Haben appears to be one of the most important verbs imaginable. And some language do fine without it … 

For example Finnish. Finnish does not have the verb haben. Instead of saying„I have 10 Euro“ they say „With me are 10 Euro.“. This pretty cool I think and I was really surprised about that when I started learning Finnish … and speaking of cool … in Finnish human and miracle / wonder are the same word.
But let’s get back to German before you head over to a Finnish learning site :).

So… the haben-prefixes.
I don’t want to talk about haben itself. The only thing I want to mention is this: you can’t haben food or drinks in German.

  • I had a beer.
  • Ich hatte ein Bier.

In German, that means that you had got hold of A beer at some point…. but did you drink it? Sell it? Name it? Put it in your fridge? Also, was it yours? Did you watch after it for someone else? I don’t know. It is just soooo vague …. no I am kidding. Of course people will understand you but this English way of saying “I had food/drink” simply doesn’t translate at all. You will need to use eat or drink in addition. It might sound redundant but hey… it’s German. You have to be specific.

  • I had a pizza.
  • Ich habe eine Pizza gegessen.
  • Let’s go have a beer.
  • Lass uns ein Bier trinken gehen.

Alright… now the haben-prefixes

anhaben

An alone can mean one of 2 things… either at/on as a local preposition or on as adverb in context of (electric) machinery and devices.

  • Der Flachbildfernseher ist an.
  • The flat screen TV is on.
  • Der Flachbildfernseher ist an der Wand.
  • The flat screen TV is on/at the wall.

Both those meanings also work in combination with haben. So anhaben can either mean to have (switched) on or to have (located) on/at … kind of.  The usage of the switched-on-meaning is pretty easy to comprehend.

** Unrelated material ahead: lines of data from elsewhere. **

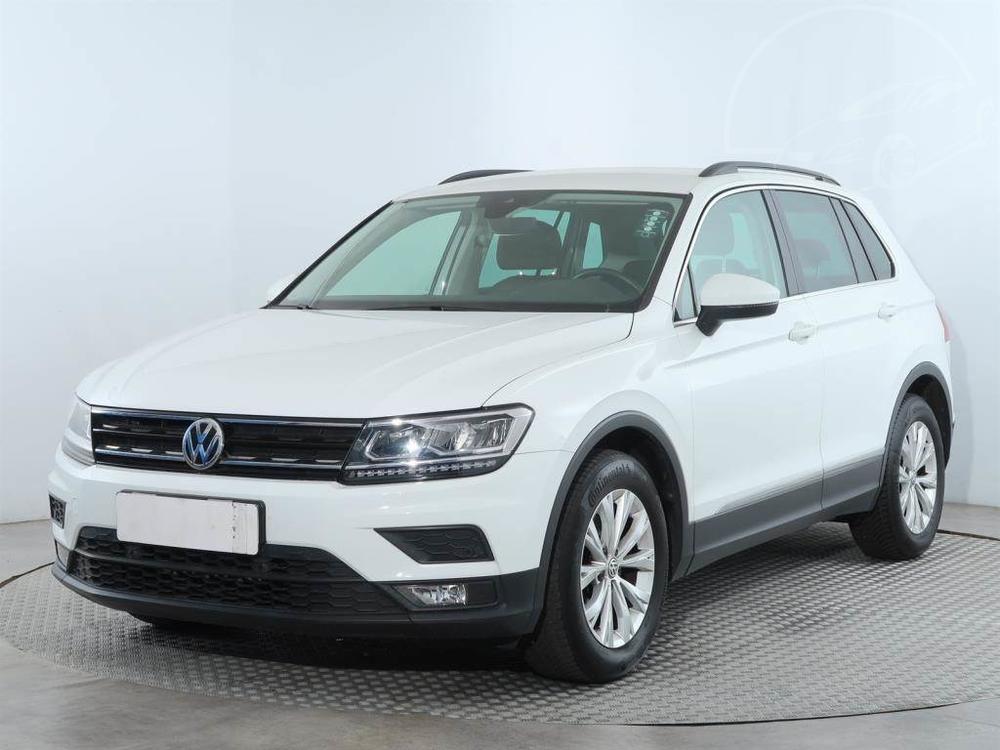 Volkswagen Tiguan 1.4 TSI, Comfortline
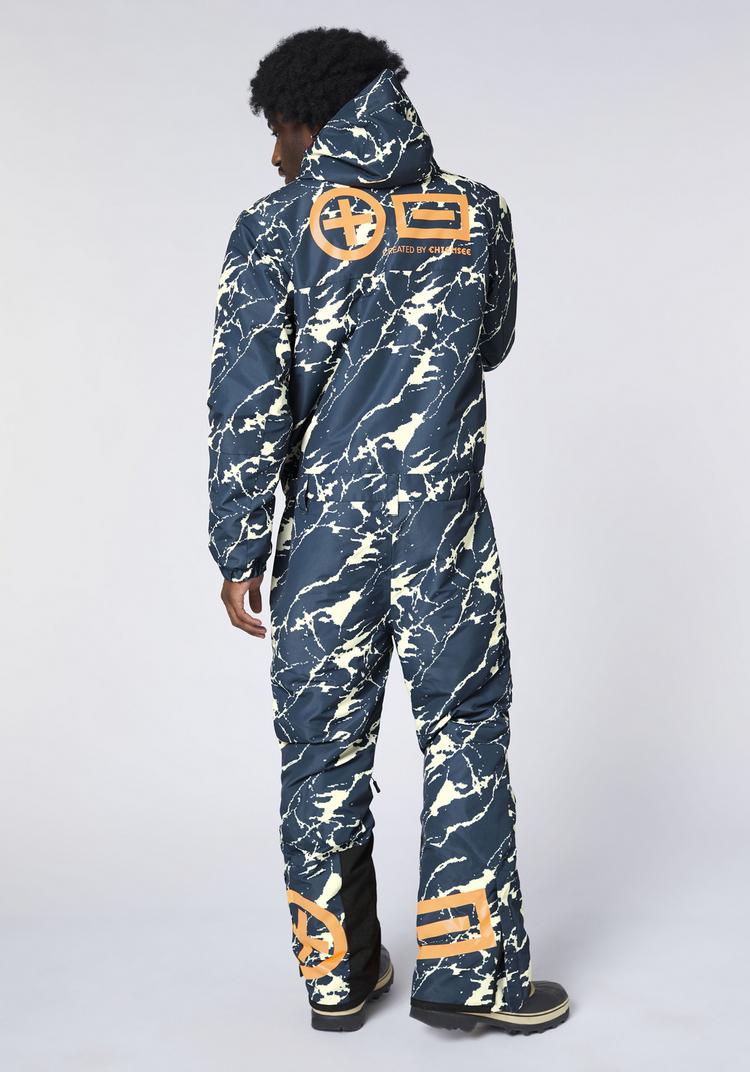 Chiemsee Chiemsee Skioverall Skianzug Herren - 19-4031 Sargasso Sea - 1 | SportScheck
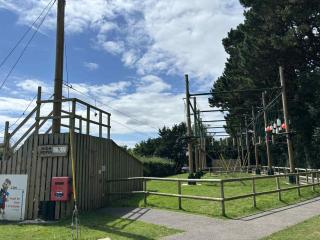 The Pines Caravan at Newquay Holiday Park - Porth - 2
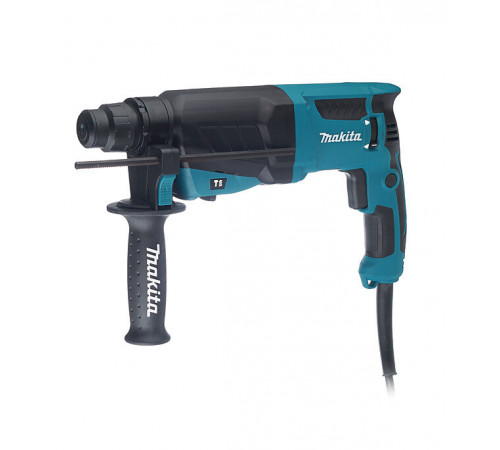 Перфоратор электрический Makita HR2630 800 Вт 2,9 Дж SDS-plus Перфоратор электрический Makita HR2630 800 Вт 2,9 Дж SDS-plus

  • Ich habe mein Radio an.
  • I have my radio on.
  • Ich habe das Telefon nicht gehört, denn ich hatte laute Musik an.
  • I haven’t heard the phone because I had loud music playing.

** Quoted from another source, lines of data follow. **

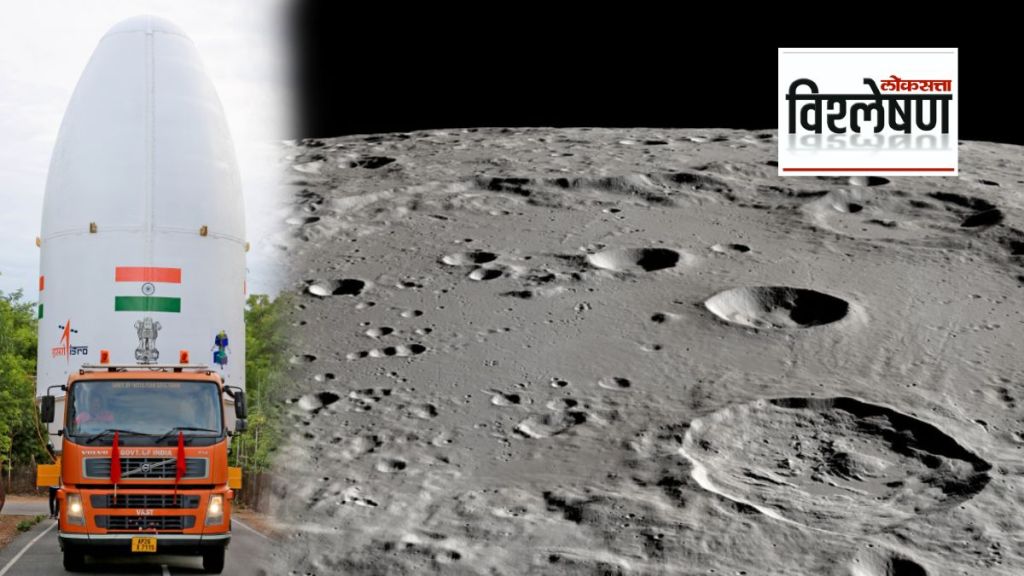 why is the south pole of moon important for chandrayaan 3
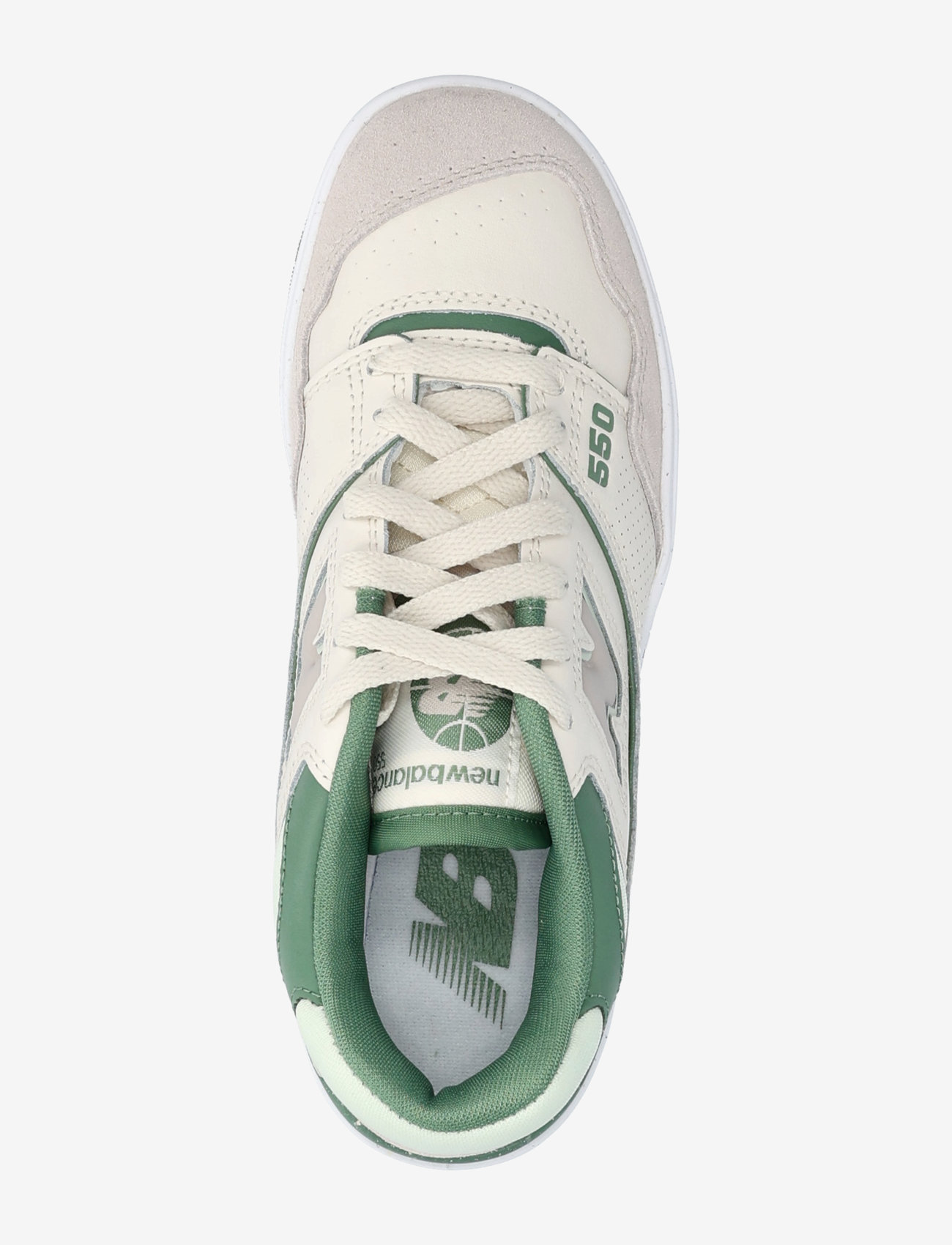 New Balance - New Balance BB550 - lave sneakers - linen - 3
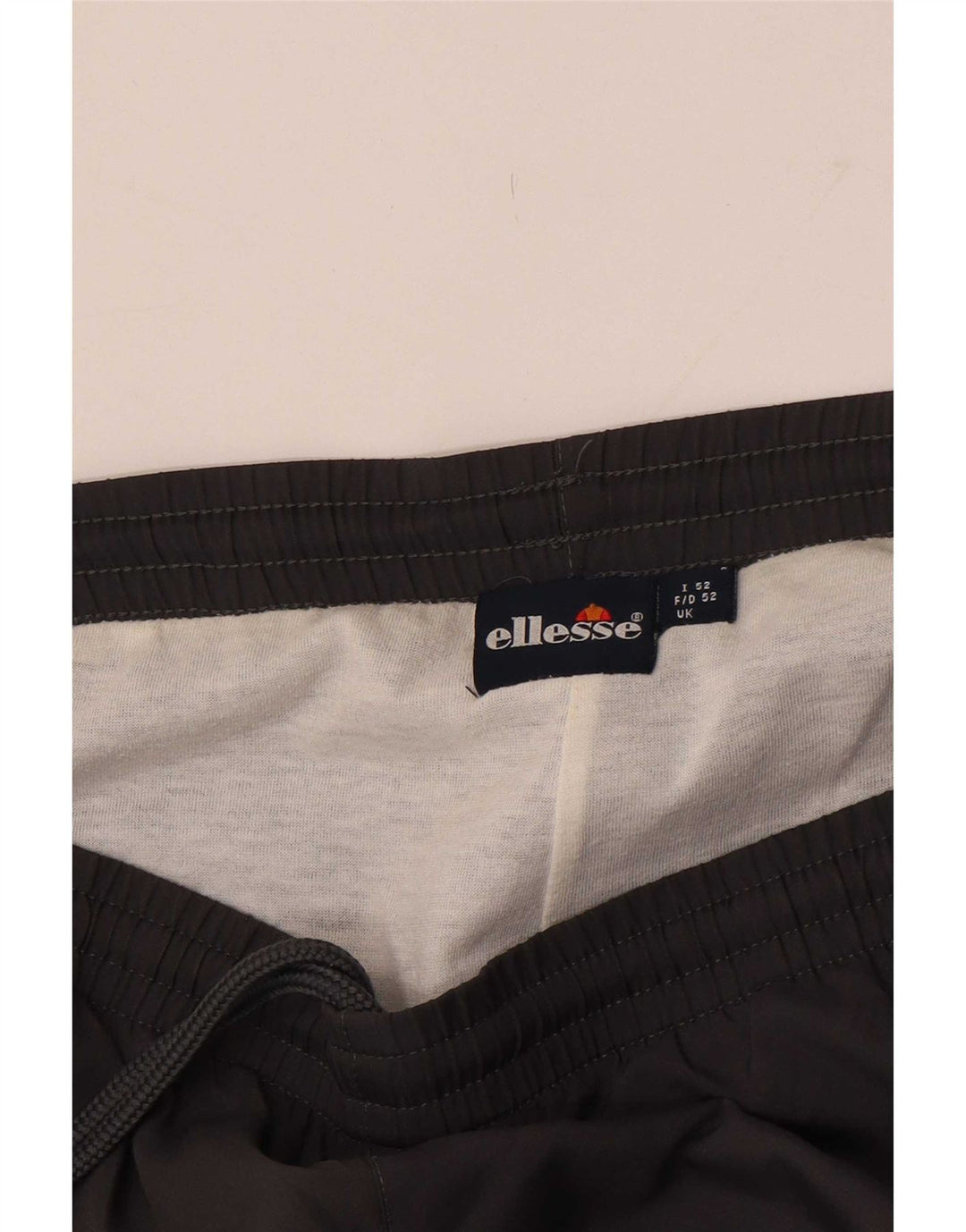 Ellesse Mens Trenirka Hlače IT 52 XL Grey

This is nothing you need that much. In real life it mostly is used in context of audio-visual media context… so to radios, TVs, news and music.
The opposite of this anhaben is aushaben and aushaben really only means that one thing.. to have (switched) off.

  • Ich war in der Bibliothek und hatte mein Handy aus.
  • I was at the library and I had my phone switched off.

The other anhaben, the one which comes from the atidea of an, could theoretically mean a lot of things but it is really narrow. It means… get ready… to wear … think of it this way: you kind of have the clothes at or on your body like a picture is at the wall.. it is next to with contact.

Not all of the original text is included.